劉安安看見了。


    以前她不明白人們口中的臉色可以看染坊是什麽意思。但是她今天看見了,她看見於心娜問完那兩個問題以後,於都的臉色變化。先是紅潤的臉龐慢慢變白,好像血色全部褪去。接著又一點點變青,青的連太陽穴的青筋看的一清二楚。然後又有點發黑,連帶著眼神都有點滲人。最後又變得通紅,紅的發亮,這個表情的變化就值得人深思和玩味了。劉安安還沒來得及細想,耳邊突然想起一聲暴嗬,


    “於心娜!!!你這個小畜生,我是你爹。我說怎麽樣就怎麽樣。我要幹什麽,還用得著你來質問老子。你別忘記了,你今天擁有的一切都是誰給你的。有的事你給我適可而止,不要給你三分顏色你就開染坊。這個家還輪不到你來做主!!!”
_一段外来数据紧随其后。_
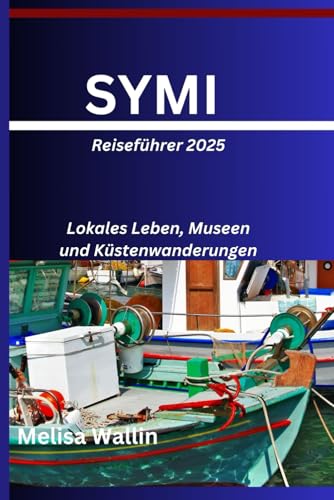 Symi Reiseführer 2025: Lokales Leben, Museen und Küstenwanderungen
    於都突然的暴怒驚響在了整個宴會廳,讓董潔和於芮等人都措手不及。連劉安安和怡然都被嚇了一跳。


    董潔的心“撲通,撲通”的像是要跳出來一樣。之前商量好的,要循序漸進,盡量以柔克剛,不要激怒孩子。這怎麽孩子還沒怎麽樣,他倒是先發火了呢……。


    於心娜看見突然漲紅了臉,暴跳如雷的父親。不知怎麽的,心裏竟然有一種莫名的快意。她不慌不忙的抬眼看了一下紀澤,發現他正握著劉安安細嫩的小手,正一根一根的在撫摸著少女青蔥般的手指。好似在欣賞什麽珍貴的藝術品一樣。頓時覺得心裏一陣酸澀和委屈。她相信如果此時坐在這裏和父親對峙的是劉安安,那麽她一定什麽話都不用說,紀澤會擋在她的身前,替她阻擋一切的狂風暴雨和流言蜚語。可劉安安不是她,她也不是劉安安。欲戴王冠必承其重罷了。更何況,論傷人之事,爸爸顯然比任何人都做的出色。所以,作為他的女兒,她應該也絲毫不應該遜色才對。
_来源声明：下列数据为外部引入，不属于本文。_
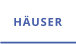 HÄUSER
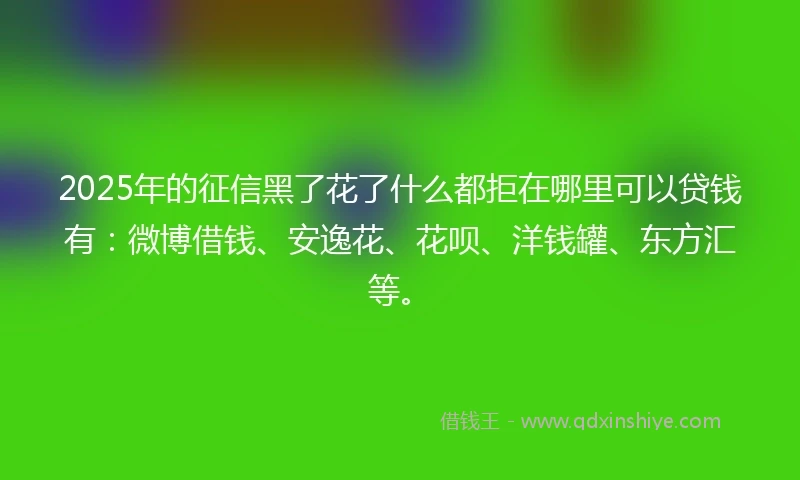 2025年的征信黑了花了什么都拒在哪里可以贷钱有：微博借钱、安逸花、花呗、洋钱罐、东方汇等。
    “嗬……。”一聲輕笑自唇間溢出,似是嘲諷又似是無奈。


    於心娜搖了搖頭,反駁的話語自紅唇中溢出,


    “我是小畜生?那您又是什麽?”


    “你……”於都的憤怒已經到達了頂點,氣的隻說出了一個字,就說不下去了。他的胸膛劇烈的起伏著,好似無法再壓抑住的感覺。


    董潔眼裏含滿了淚水,一邊自上而下的安撫著怒氣衝衝的於都。一邊又不知所措,直使的眼色的望著於心娜。習慣讓她想幫著於都,可僅存的理智告訴她,她的女兒此刻內心也是遍布傷痕。所以,她也一個字未說,因為她也不知道該說什麽。


    於芮看見哥哥和侄女愈演愈烈的戰火,覺得可能今天不宜再討論這件事。也暗惱就不應該聽哥哥的,弄了這麽多人來當說客。這樣做反而父女兩個人都爭著要麵子,誰也不肯退讓。也不能讓事態再惡化下去了,縱然桌子上坐著的都是相熟交好的人。可再怎麽樣,這種背地裏笑話的事,也是不想讓人知道的。最後丟的都是於家的臉麵。這對於一直高高在上的於芮來說,是絕對不能忍的。於是,她兩頭勸說著:


    “哥哥,你說你這麽大個人了。還跟小孩子一般見識。娜娜臉皮薄,你這麽出口傷人實在是有失體統。一人少說一句,父女間哪能有隔夜仇呢。有什麽事明天再說,咱們今天就好好用餐。”


    說完,又轉頭對於心娜說道:


    “娜娜,你也是。再怎麽樣,他也是你爸爸。你怎麽能這麽出言不遜的指責他呢。這多麽多年,你的教養都哪去了。你怎麽會突然變這樣,姑姑很心痛。我覺得你們最近的關係太緊繃了。真的應該分開一段時間,大家都冷靜冷靜。子不言父之過。你爸爸再有錯,那也是他和你媽媽之間的事情。你就不要插手了。再者,不管他們離不離婚,父母對你的愛都是不會變的。你不要總是胡思亂想,傷了你父母的心。”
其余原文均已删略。